Prince Harry has been given a job by a Silicon Valley startup which provides professional coaching, mental health advice and “immersive learning” as its chief impact officer. The Duke of Sussex said he hoped to be able to “create impact in people’s lives” by working with BetterUp to provide “proactive coaching” for personal development, increased awareness and “an all-round better life”.


As chief impact officer at BetterUp Prince Harry will be expected to help with product strategy decisions, charitable collaborations, and advise on topics related to mental health. Harry has already worked closely with mental health charities.


“This is about acknowledging that it isn’t so much what is wrong with us, but more about what has happened to us over the course of life,” Harry told the Wall Street Journal, which first reported the appointment.

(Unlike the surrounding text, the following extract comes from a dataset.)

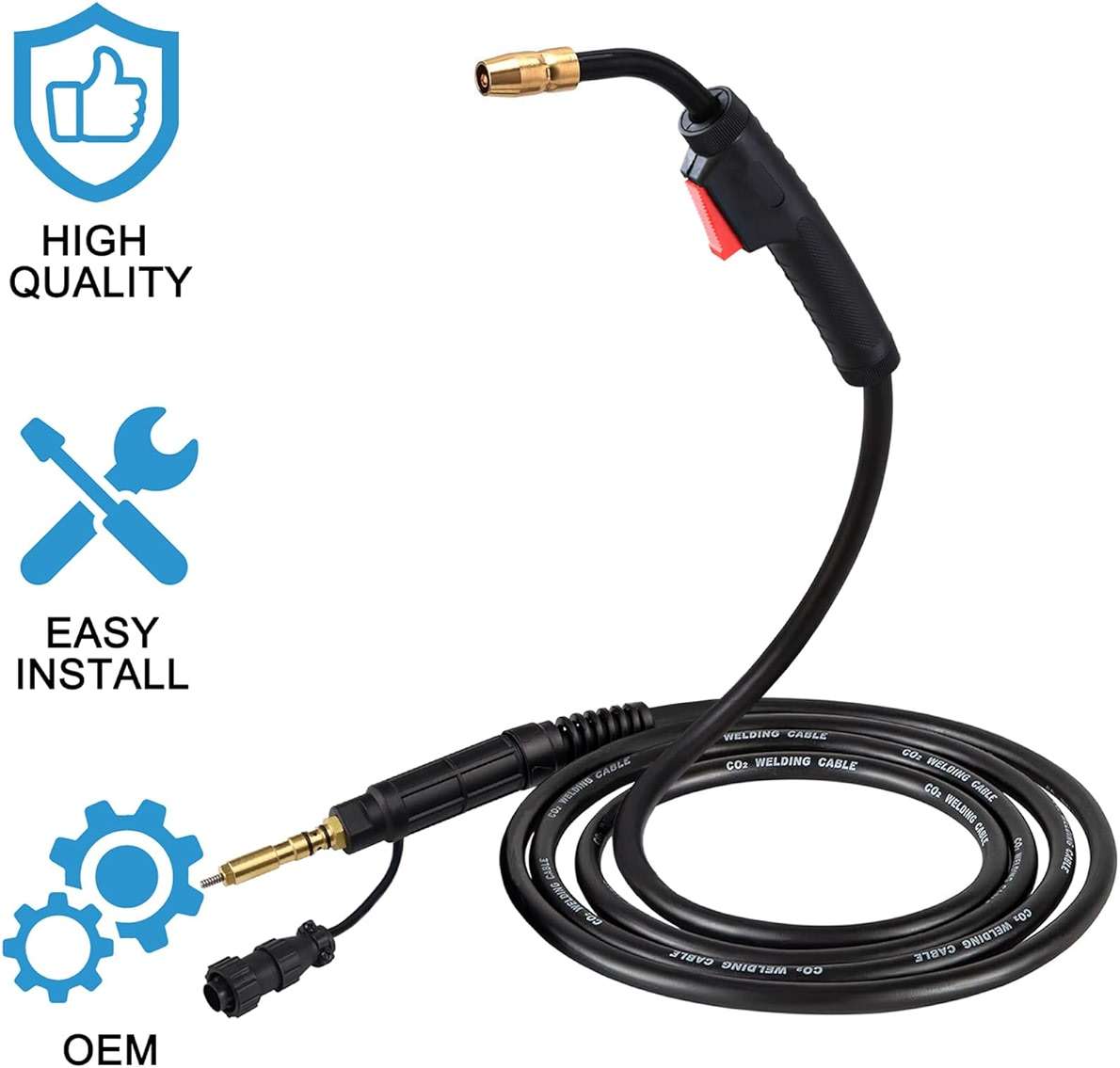 MIG Welding Gun Torch fits Hobart 245926 Hobart Handler 190/210/210MVP Mig Welders Parts,100A 15ft Hobart Welder Replacement Hobart H100S4-10 245926 with .030" .035" Tip-Nozzle-Diffuser - Image 5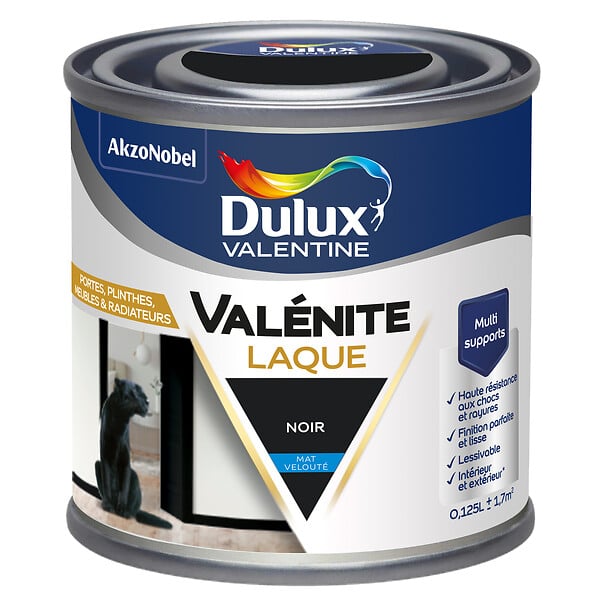 DULUX VALENTINE - Laque Acrylique Valénite Mat-Noir-0.125L - large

“Often because of societal barriers, financial difficulty, or stigma, too many people aren’t able to focus on their mental health until they’re forced to. I want us to move away from the idea that you have to feel broken before reaching out for help.”


Alexi Robichaux, the chief executive of BetterUp, said: “It’s a meaningful and meaty role.”

The pair are said to have met through a mutual friend and have been discussing the collaboration since last autumn. Robichaux did not reveal how much Harry would be paid or whether he has been handed shares in the business.


“He’s synonymous with this approach of mental fitness and really investing in yourself,” Robichaux said. “It was not a hard internal sale.”


BetterUp, which was founded in 2013, recently raised $125m from an array of international investors to fund expansion. That new funding valued BetterUp at $1.7bn, making it a so-called “unicorn” – a new company valued at more than $1bn. It claims to employ 2,000 coaches and to have 300 business clients including Hilton, Nasa, Chevron and Mars.